There is a clear symbiotic relationship between Saleem and India; where do you believe the power of that relationship lies?

  • There are four ways one can look at this relationship
    • Saleem’s narrative informs the history of India
    • The history of India informs Saleem’s Narrative
    • To understand himself Saleem must anchor his identity into the history of India because it is a solid foundation.
      • In his mind he believes that he is the center of the universe.
        • Quote 4: “I was already beginning to take my place at the center of the universe; and by the time I had finished, I would give meaning to it all.” (143-144)
      • However this comes off as biased and narcissistic. In any first person narrative, one’s opinion of something else tells us more about them.
    • As a reader we find that he, as an old man, is working through his understanding of himself and has anchored it into the history of India. In fact he resonates with the history as the core of his identity,
      • Quote 3: “I ask you only to accept (as I have accepted) that I shall eventually crumble into (approximately) six hundred and thirty million particles of anonymous, and necessarily oblivious dust. This is why i have resolved to confide in paper, before I forget. (We are a narration of forgetters.) (Rushdie 36).
        • When the book was published (1981), the population of India was at like 700 million, but in 1976 like 5 years prior, the population was at 635 million. So assuming that’s around the time Rushdie wrote this iit would make sense that Saleem is not only tied to his country but a deep metaphor for the fate of that country as much as it is a metaphor for what will happen in his narrative.
      • Ultimately proving that the power of their relationship is interdependent on both, as their historys unfolded simultaneously.

 

Writing Style in Midnight’s Children

The style of writing and narration in Midnight’s Children is very poetic, which makes it somewhat confusing. Rushdie spends a very long paragraph describing Aadam’s nose, and its descendants, which just seems like an odd break from the advancement of the plot. The importance of Aadam’s nose isn’t revealed until he sneezes violently, falls down, and is saved from a bullet. The importance of giving the nose a whole paragrah’s worth of description comes off as exhausting. Similar to the repetion of the blood becoming jewels and the parrallel of Aadam’s mother taking over the gem business after his father’s stroke. These descriptions are repeated over and over and it is not till several paragraphs later that they are fully connected with their plot point, i.e. Aadam’s decision to not bow to any God or man, leaving him with a hole that is later filled by his future wife, who he can only see through a whole. Maybe it’s the title of the book affecting my perception, but following along the plot seems an awful lot like trying to find constellations in the night sky- it’s a little disorienting.

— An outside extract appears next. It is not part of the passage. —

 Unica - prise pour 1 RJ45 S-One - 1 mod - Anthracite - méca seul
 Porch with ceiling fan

Midnight’s Children – Quote

““I told you the truth,” I say yet again, “Memory’s truth, because memory has its own special kind. It selects, eliminates, alters, exaggerates, minimizes, glorifies, and vilifies also; but in the end it creates its own reality, its heterogeneous but usually coherent versions of events; and no sane human being ever trusts someone else’s version more than his own.””

In this quote, Saleem is defending his version of events to Padma at the end of Book Two. What really stood out to me with this quote, is not the wording or the defense, but rather the utter truth of it. Every truth is subjective to the person saying it. It can be twisted, it can be transformed, yet it still remains the truth, because every memory is biased and each person sees the world, remembers the world in different forms of truth.

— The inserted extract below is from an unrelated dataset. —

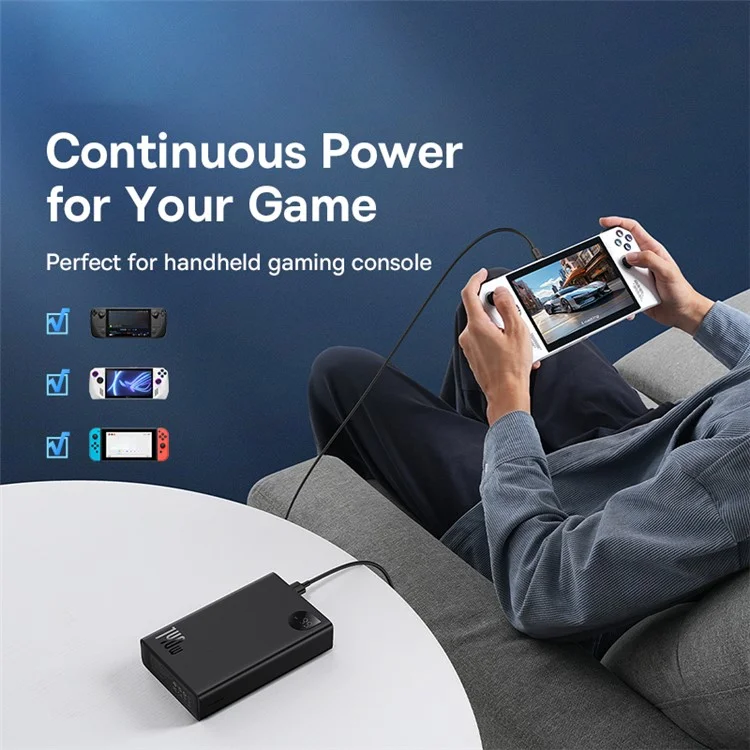 BASEUS Adaman Digital Display Power Bank 24000mAh 140W Portable Fast Charge Phone Battery Pack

If a soldier is killed in war, who do you blame? Their comrades? The man who drafted him? Or the man that started and continued the war? Each of these may or may not have played a certain type of role that could lead to the soldier’s death. Each of them is a truth that could be used to blame the death of the soldier on them.

A man could blame himself for killing a person, but when asked what he did, he could simply say that it was his idea to use a certain tactic that relied on a back-up that he was sure would work, but, in fact, failed, thus resulting in the soldier being killed. Do you blame the man with the plan or the back-up that refused to show for the soldier’s death?

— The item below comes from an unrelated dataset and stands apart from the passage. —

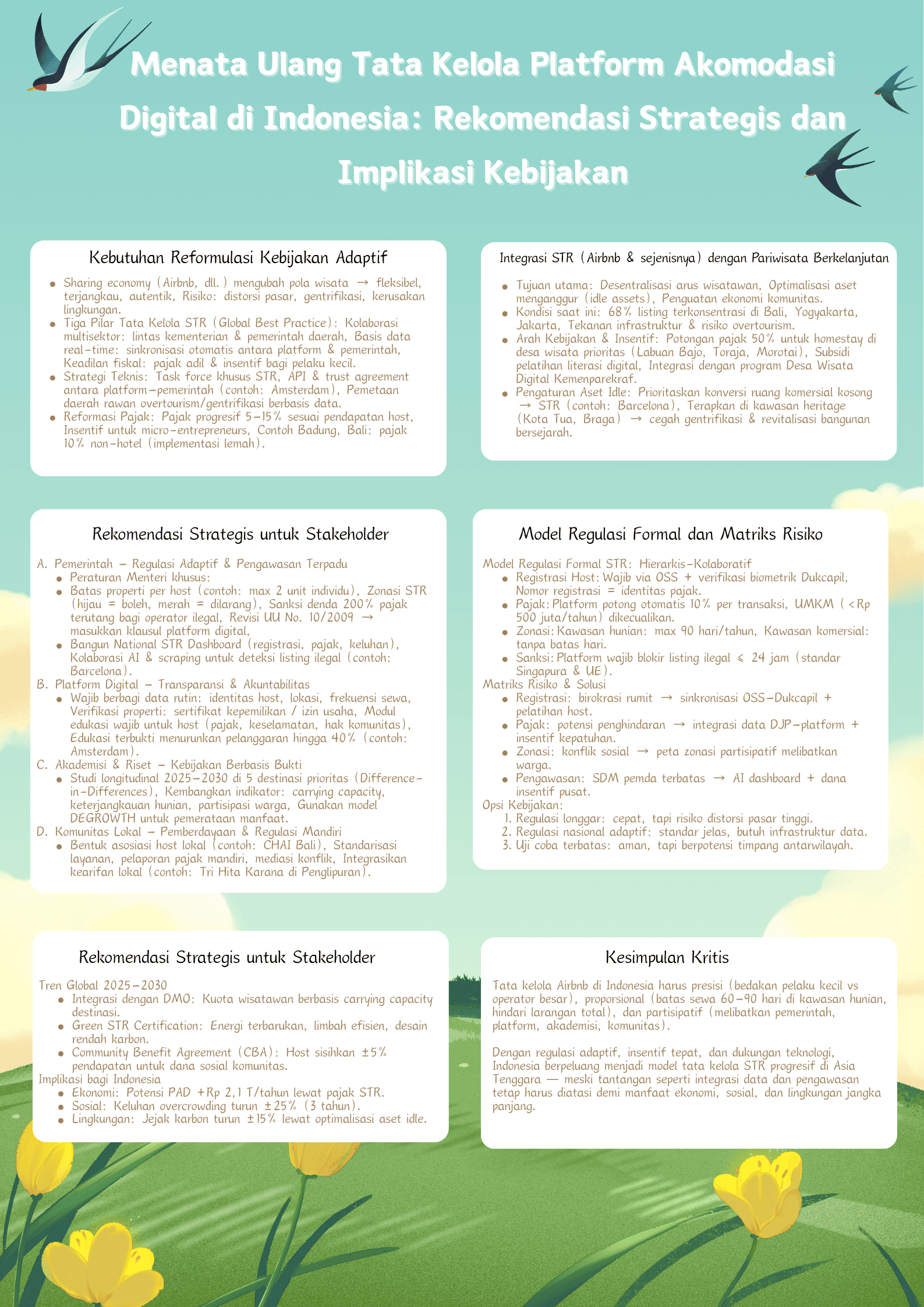 Menata Ulang Tata Kelola Platform Akomodasi Digital di Indonesia: Rekomendasi Strategis dan Implikasi Kebijakan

The truth of the quote is that memory modifies what we remember, painting a villain, a hero, a bystander in negative or positive lights depending on emotions and your own view of the events. 

Midnight’s Children

     Theme

     While reading this first section of Midnight’s Children, I noticed a certain reoccurring symbol in the text and the theme of major historical events connecting in the family’s lives. When Aadam had to examine Naseem’s body because of her illnesses, he had to do so through a perforated sheet. He slowly began to fall in love with her by seeing just glimpses of her, then when she complained of a headache, he was finally able to see her face which coincided with the day the World War ended. The perforated sheet symbol comes back again when Amina, who is in an unhappy marriage, attempts to fall in love with her husband by viewing just fragments of him. This seemed like a reversed version of what happened with Aadam and Naseem because they fell in love by viewing just glimpses of each other, then they found that they were unhappy with their marriage while Amina and Ahmed were unhappy together to begin with, so she had to fall in love with him in pieces “…to do this she divided him, mentally, into every single one of his component parts, physical as well as behavioral…” (p. 73). Amina attempted to fall in love with him by viewing just fragments of his personality instead of loving the entirety of him.   

Midnight’s Children

Theme

One of the main themes I’ve noticed thus far in Midnight’s Children would be the unreliability of memory and of narratives. Throughout the novel, Saleem acknowledges that he remembers things wrong or presents factual errors, like an election date. He is honest about his errors and uses them to progress the story and one of the overall ideas he is trying to get across in the novel, that truth is a matter of different perspectives and not just facts. One person’s truth could be different than another person’s and I believe that is what Saleem is trying to prove as he tells his story. Saleem even notices that memory creates its own truth, and that anything can be anyone’s truth as long as they believe in it.

The Magical Schnozz

One of the interesting points of this story is about the role the noses of the family plays in the story. At the beginning we see a young doctor Aadam Aziz fall on his nose and immediately distances himself from any type of religion, vowing to never bow in front of any man or god again. This gets him into trouble later on during his marriage with Naseem due to the fact that she’s religious and he isn’t. It’s not a typical haunting, but the otherworldly effect his nose seems to have in his life is very interesting. Then during the protest, Aziz’s nose begins to itch as military men surround the location of the protesters. Suddenly, he sneezes and falls down, therefore saving his life. The idea of haunting is that ideas out of our relatively limited parameters as humans means that we sometimes assign things as coincidences even when they could be two unrelated things. Major life events in the Aziz family seems to coincidentally fall on the same dates that major world events take place such as the end of World War 2 and the Atomic Bombing. Even Saleem is born on the exact day India became independent.